Zilia va fuir. Se réfugier dans un endroit improbable. Se fondre en mimétisme dans une décharge à ciel ouvert. La poubelle de l'Europe, les détritus comme une cache. L'endurance face à la puanteur. Les mains sales, mais le coeur de plus en plus léger, à l'instar d'un contre-poids. Elle va se terrer dans ces monticules de tôles et de blessures. Elle va faire des rencontres fortuites. Comprendre l'envers du décor d'un pays si beau, mais si pauvre. Pris entre les mailles d'un système de corruptions.

Zilia pressent qu'il se passe quelque chose de grave. Des produits toxiques sont enterrés illégalement. Elle va se lier avec Rasim Istrefi, un journaliste qui enquête et veut prouver par un article, cette réalité abjecte. Il voit en Zilia, une fleur égarée sur des déchets. Elle lui semble singulière, discrète et l'on ressent l'apothéose de l'enchantement d'une normalité.

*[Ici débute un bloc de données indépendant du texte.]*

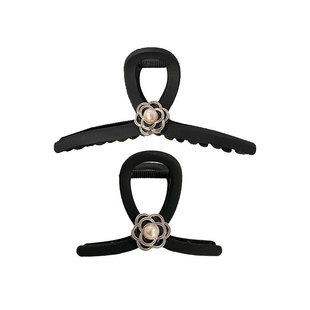 高端抓夹女2026新款高级感八字带花大号头发鲨鱼夹半扎发夹发量少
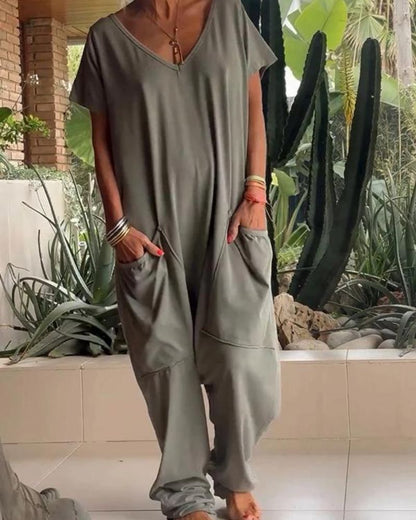 Yelena | Women's Casual V-Neck Solid Colour Jumpsuit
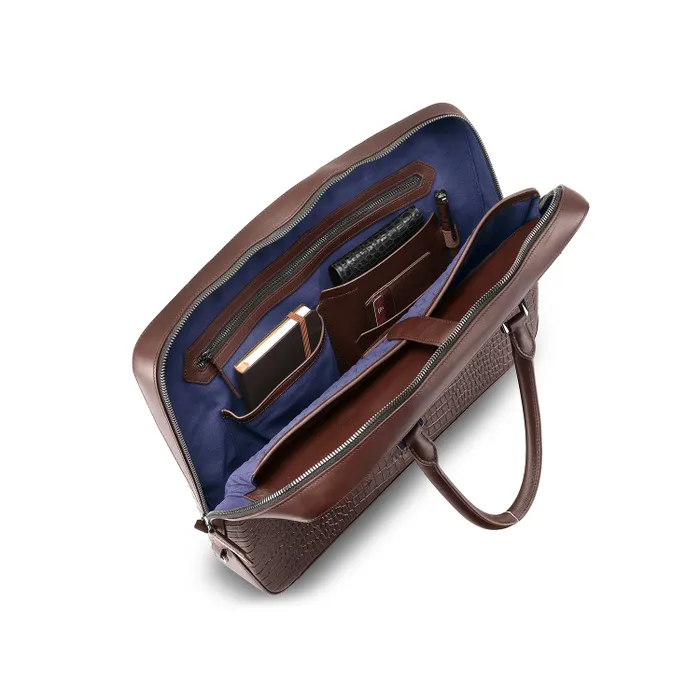 Lapis Bard Mandeville 14-inch Croc-Textured Single Compartment Laptop Bag - Dark Brown
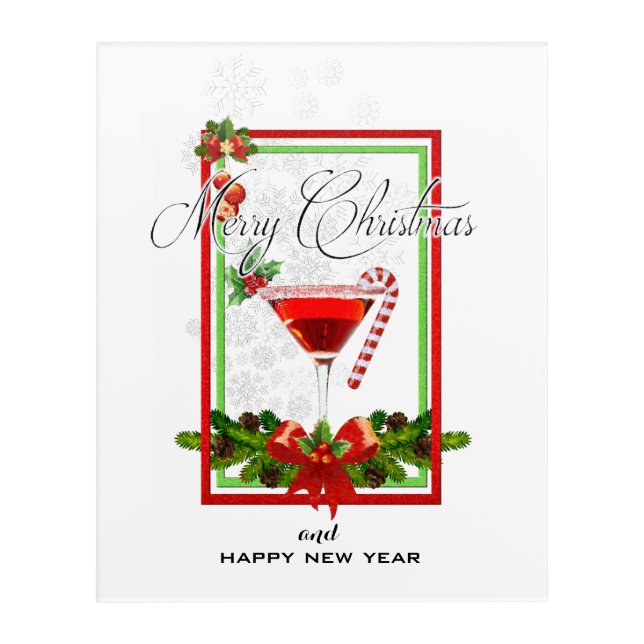 Christmas Cocktail Watercolor Art (Front)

Un souffle de ressemblance avec les sociologies, où le machisme n'a aucune place. Elle est regardée, écoutée et respectée. C'est une bouffée d'oxygène sur le toit de ces poubelles immondes. L'Albanie, manichéenne, entre le bien et le mal. Une terre labourée par les pas des hommes vils et encerclés de tabous. Les sentiments sincères, la confiance comme guide, Zilia et Rasim vont sublimer la résistance. Mais Rasim est trop présent sur la décharge, cette zone de non-droit. Son enquête dérange les mafieux. Que va-t-il se passer ? Zilia trouvera-t-elle la fleur de l'exil ?

Ce livre puissant, grandiose, est une percée de lumière dans la nuit albanaise. Il pointe du doigt les errances d'un peuple ployé sous les diktats des lois souterraines. le nord de l'Albanie dans son évidence la plus triste.

Ce livre est un devoir de lecture. La mission d'une littérature engagée, virtuose de sincérité. « Toutes les routes n'existent que dans l'épuisement du voyage . »

Une fresque magistrale, finement politique. Publié par les majeures Éditions Elyzad.